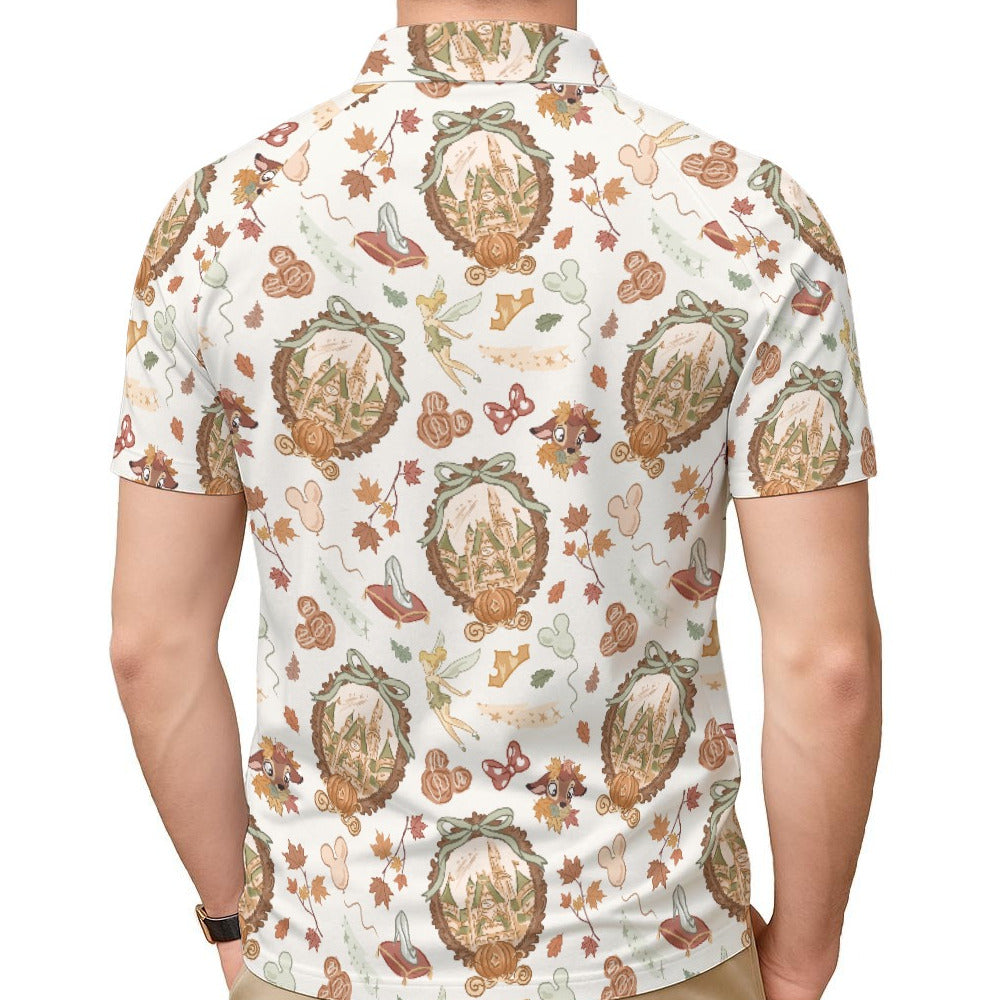 Fairy Fall Cameos - Men's Polo Shirt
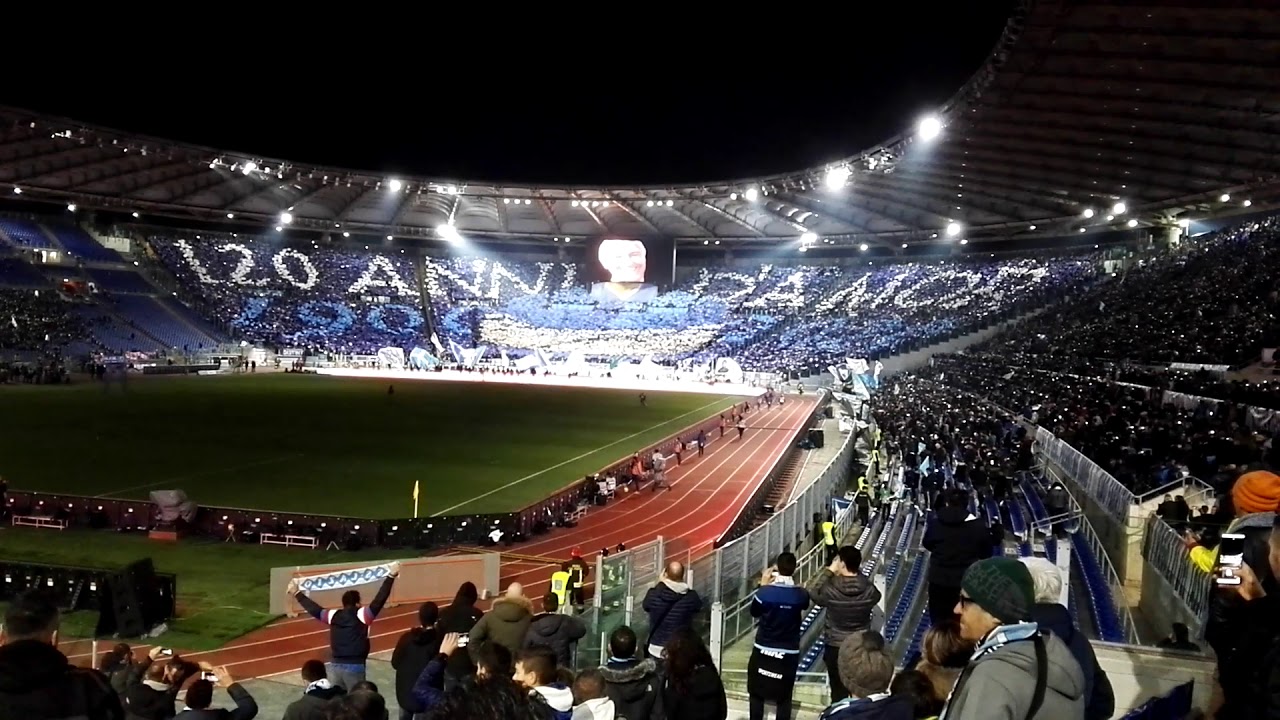Coreagrafia Lazio Napoli 11-01-2020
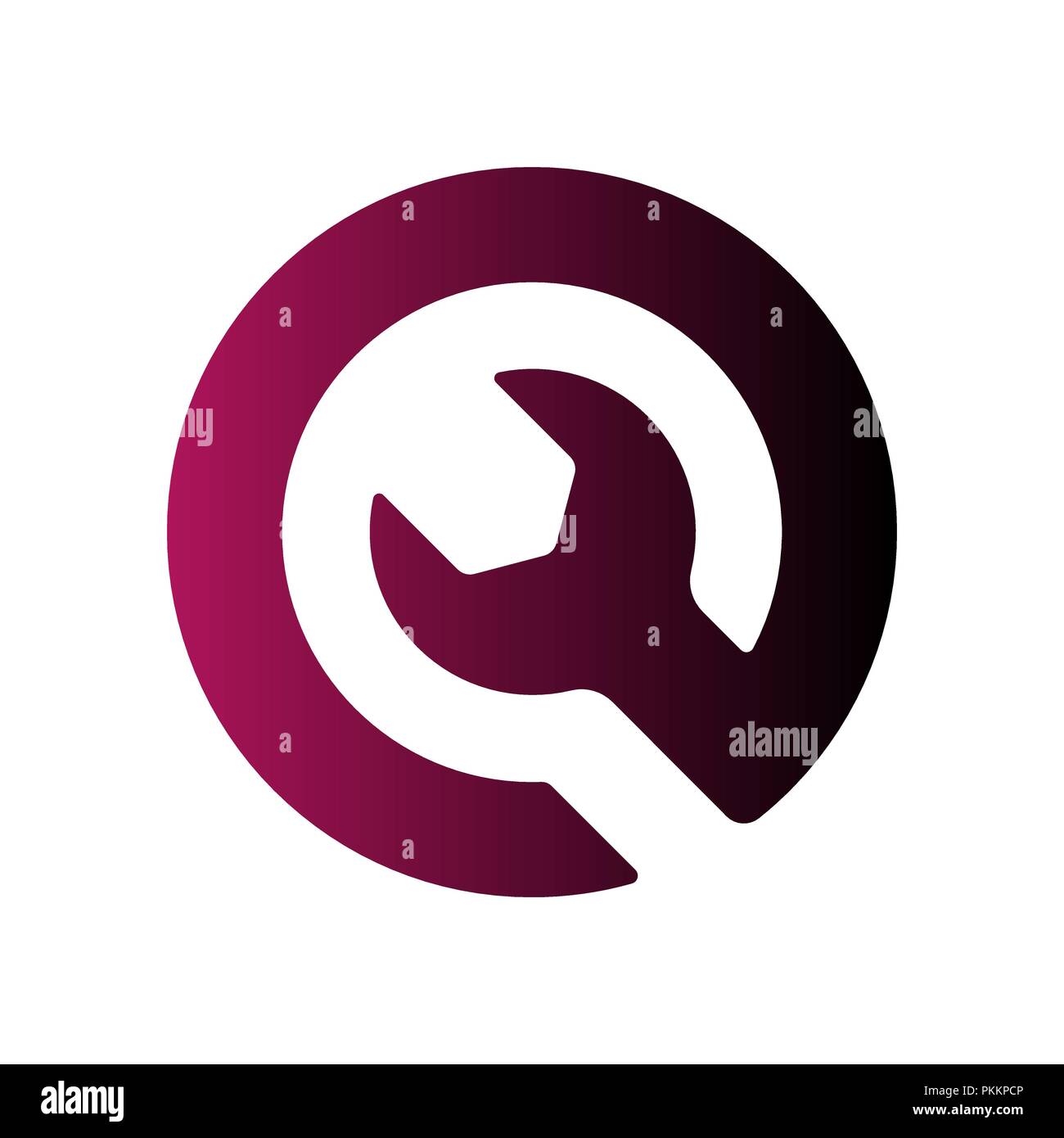 Logo design abstract riparare template vettoriale. Illustrazione design del logotipo azienda simbolo della chiave. Vettore web strumento di lavoro icona. EPS 10 Illustrazione Vettoriale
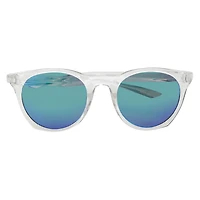 ladies rounded mirror sunglasses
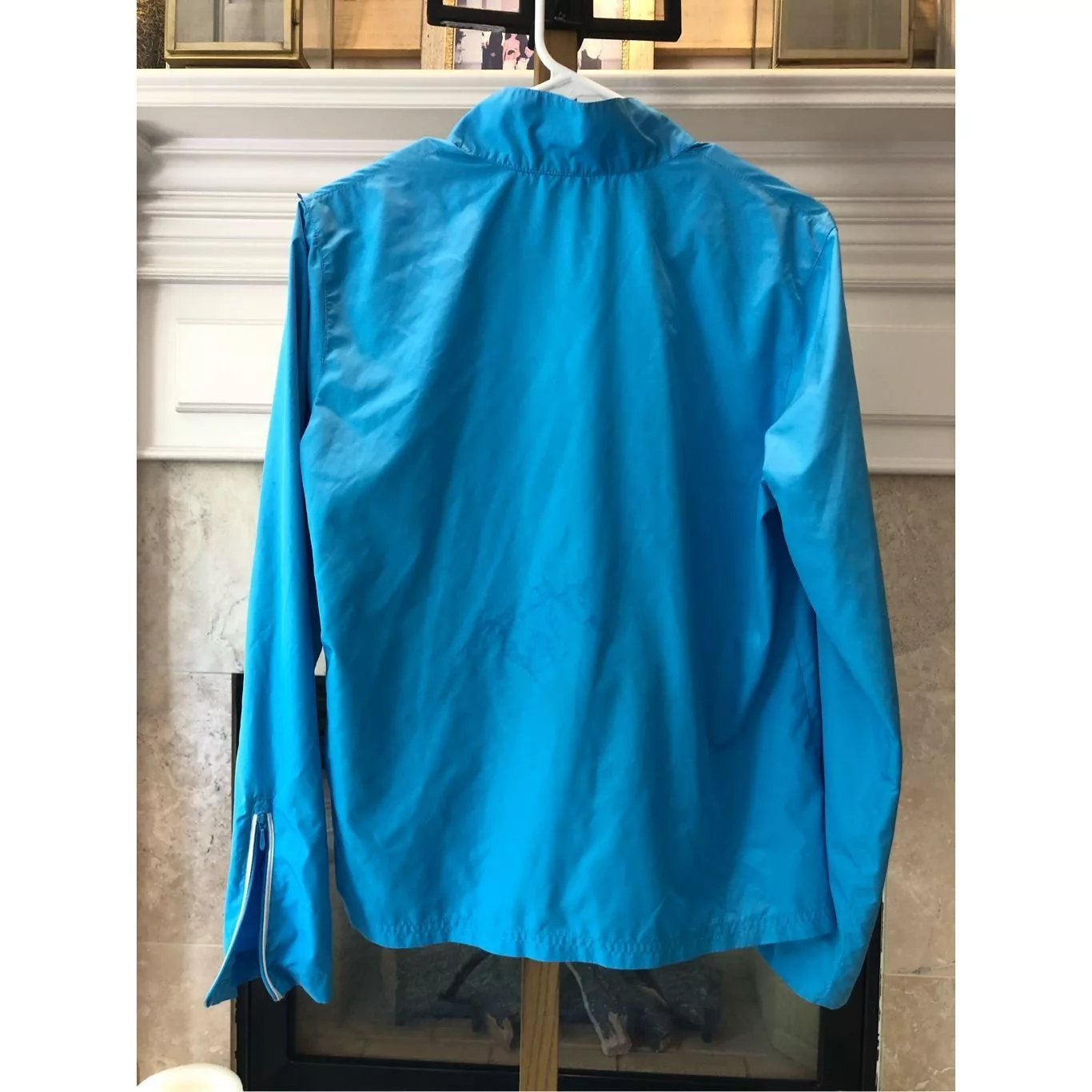 Ashworth Coats Ashworth Women’s Blue Zip Up Lightweight Windbreaker Jacket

To do:
The lines from the one containing "Logo design abstract" through the last line of the records are what you should copy, word for word and nothing else, with pictures left out.

Written response:
 Logo design abstract riparare template vettoriale. Illustrazione design del logotipo azienda simbolo della chiave. Vettore web strumento di lavoro icona. EPS 10 Illustrazione Vettoriale
 ladies rounded mirror sunglasses
 Ashworth Coats Ashworth Women’s Blue Zip Up Lightweight Windbreaker Jacket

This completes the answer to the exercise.